Exercise objective: The listing must be copied out in full and exactly; no images go with it.

Exercise data:
--- --- ---
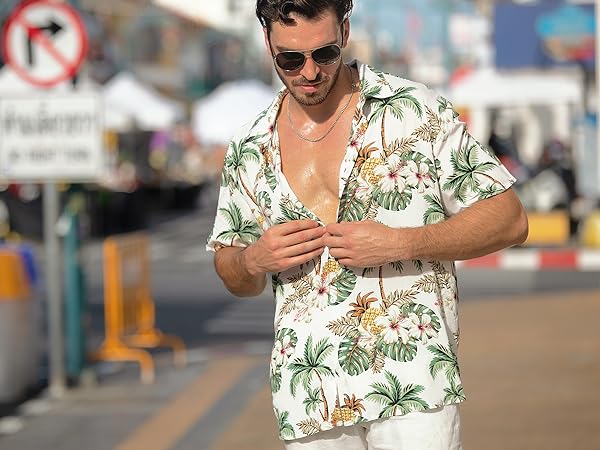 Men Beach Tropical Casual Aloha Shirt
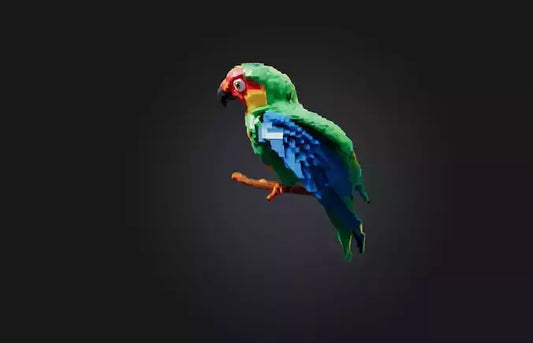 3D model Voxel Parrot VR / AR / low-poly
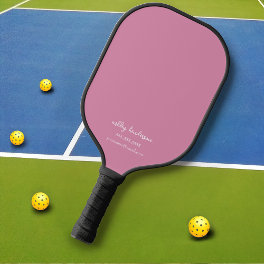 Cute Girly Pink Monogram Name + Contact Info Pickleball Paddle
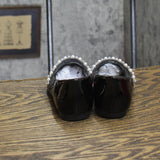 Nina Big Girls Ballet Flats Embellished NATALY Black Patent 13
--- --- ---
Result:
 Men Beach Tropical Casual Aloha Shirt
 3D model Voxel Parrot VR / AR / low-poly
 Cute Girly Pink Monogram Name + Contact Info Pickleball Paddle
 Nina Big Girls Ballet Flats Embellished NATALY Black Patent 13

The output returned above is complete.